[Aim of the task]:
Your task is to repeat the lines below exactly, excluding any pictures they contain.

[Data]:
[Start of section]

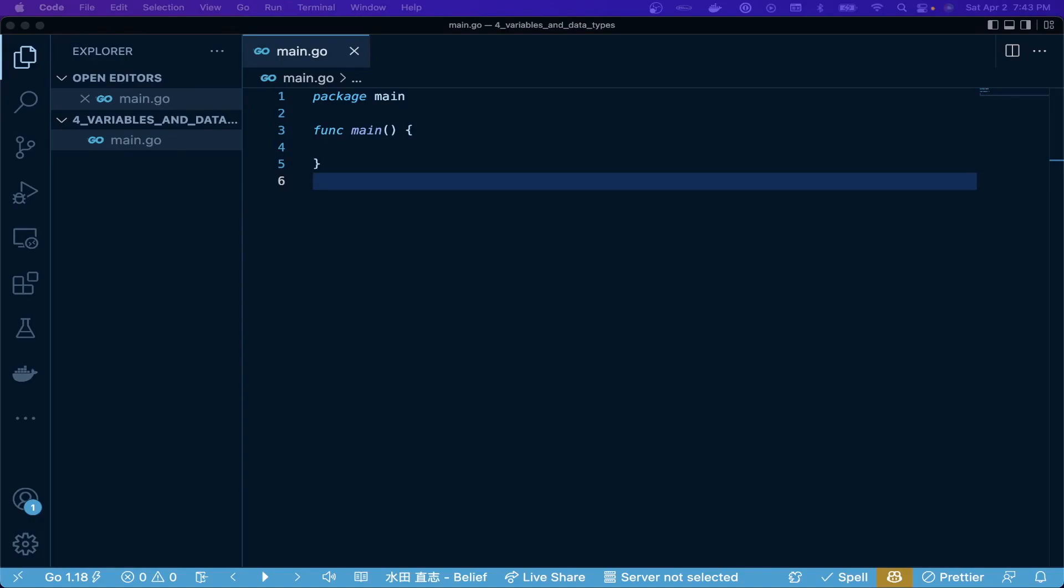Hello everyone, welcome to the fourth video in the Go series. This video is on variables and basic data types.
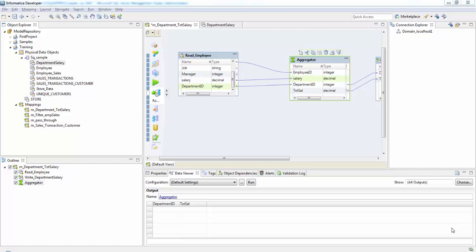In this session we'll see about Sorter transformation. Sorter transformation sorts data in ascending or descending order according to the specified sort key.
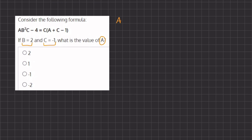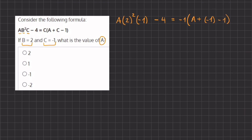So here we have a, which we don't know, and instead of b we're going to write 2 squared times c, which is negative 1. Remember when you have variables that are right next to each other, that means that they are being multiplied by one another. And we have minus 4 equals c, and instead of c we're going to write negative 1. And we're going to open our parentheses: a plus c, which is our negative 1 minus 1.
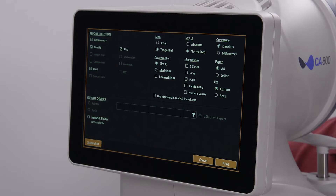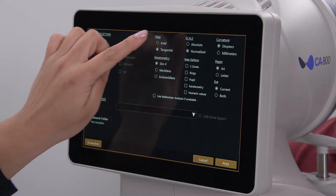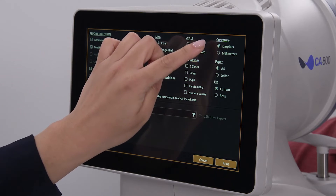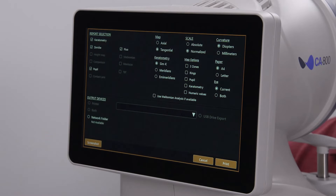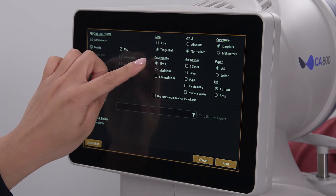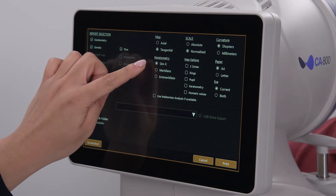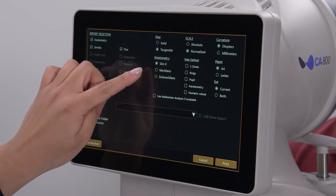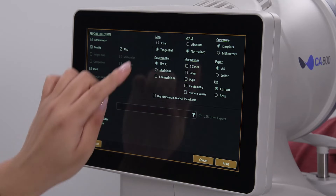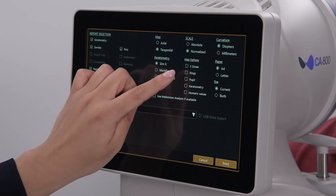You can select topography map type, scale type, and whether you want values displayed in diopters or millimeters. You can choose the type of keratometry values, either the SIMK or meridians or MM meridians. You can choose what overlays you want to see on the topography map.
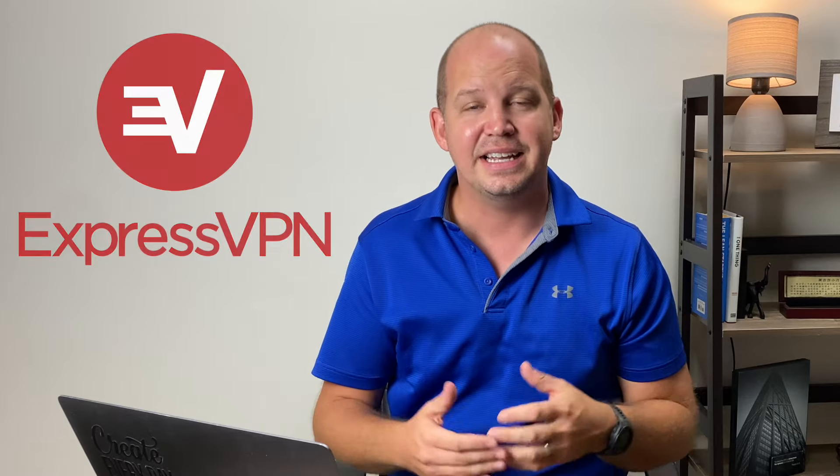And one last disclaimer before we get started. There are literally hundreds of VPN services on the market today. I'm going to be showing you one of my favorites and one of the more popular, ExpressVPN. I've got affiliate links to that in the description below, which is one way that you can support this YouTube channel. But honestly, you can use any VPN that you want. What I'm about to show you, it's going to be very similar with any other VPN service that you use.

[End of section]

[Your solution]:
Hello everyone, welcome to the fourth video in the Go series. This video is on variables and basic data types.
In this session we'll see about Sorter transformation. Sorter transformation sorts data in ascending or descending order according to the specified sort key.
So here we have a, which we don't know, and instead of b we're going to write 2 squared times c, which is negative 1. Remember when you have variables that are right next to each other, that means that they are being multiplied by one another. And we have minus 4 equals c, and instead of c we're going to write negative 1. And we're going to open our parentheses: a plus c, which is our negative 1 minus 1.
You can select topography map type, scale type, and whether you want values displayed in diopters or millimeters. You can choose the type of keratometry values, either the SIMK or meridians or MM meridians. You can choose what overlays you want to see on the topography map.
And one last disclaimer before we get started. There are literally hundreds of VPN services on the market today. I'm going to be showing you one of my favorites and one of the more popular, ExpressVPN. I've got affiliate links to that in the description below, which is one way that you can support this YouTube channel. But honestly, you can use any VPN that you want. What I'm about to show you, it's going to be very similar with any other VPN service that you use.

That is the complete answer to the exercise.